- Task statement
Return the lines of the material below exactly, beginning with the line that has "1968 Ford F100" in it and finishing with the line that has "Murder in Lamut" in it. Leave all pictures aside.

- Task input
Segment Open
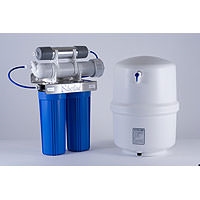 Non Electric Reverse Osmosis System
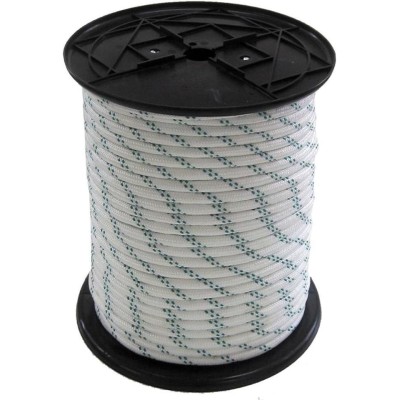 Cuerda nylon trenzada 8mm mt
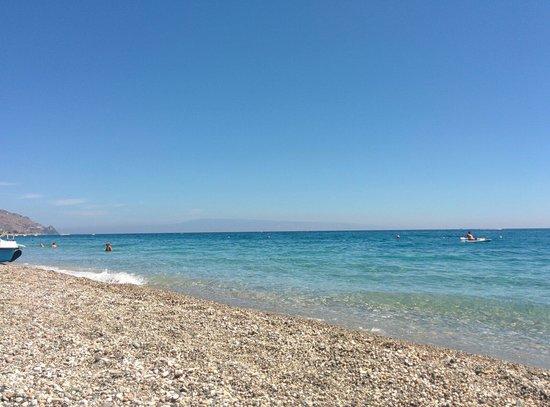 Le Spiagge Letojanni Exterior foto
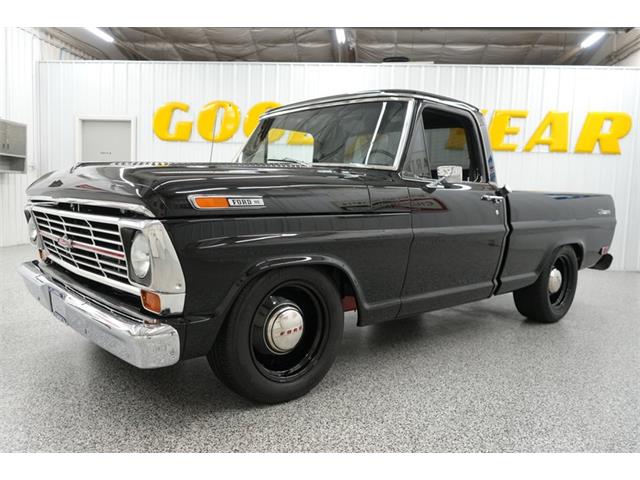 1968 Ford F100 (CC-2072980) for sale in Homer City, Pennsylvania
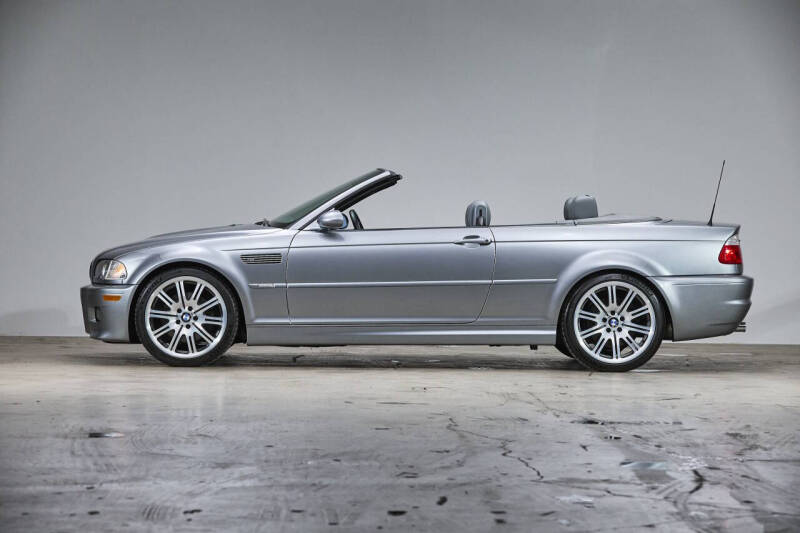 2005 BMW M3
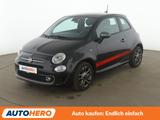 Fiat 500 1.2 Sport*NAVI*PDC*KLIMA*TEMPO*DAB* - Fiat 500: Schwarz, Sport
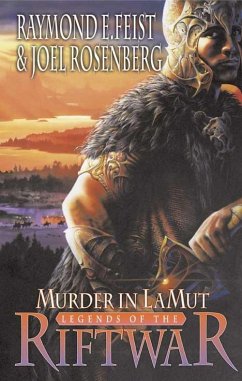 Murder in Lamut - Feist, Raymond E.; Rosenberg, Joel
Segment Closed
Segment Open
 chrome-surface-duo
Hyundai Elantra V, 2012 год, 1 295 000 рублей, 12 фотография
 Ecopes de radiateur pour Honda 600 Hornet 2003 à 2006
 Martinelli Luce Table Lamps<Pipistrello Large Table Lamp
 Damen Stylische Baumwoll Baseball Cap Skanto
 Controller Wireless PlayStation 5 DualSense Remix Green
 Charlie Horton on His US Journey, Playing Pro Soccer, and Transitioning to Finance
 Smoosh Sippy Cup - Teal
Segment Closed
Segment Open
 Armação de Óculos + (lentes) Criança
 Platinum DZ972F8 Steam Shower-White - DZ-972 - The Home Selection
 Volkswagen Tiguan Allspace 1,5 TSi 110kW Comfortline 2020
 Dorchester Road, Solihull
Segment Closed
- Solved problem
 1968 Ford F100 (CC-2072980) for sale in Homer City, Pennsylvania
 2005 BMW M3
 Fiat 500 1.2 Sport*NAVI*PDC*KLIMA*TEMPO*DAB* - Fiat 500: Schwarz, Sport
 Murder in Lamut - Feist, Raymond E.; Rosenberg, Joel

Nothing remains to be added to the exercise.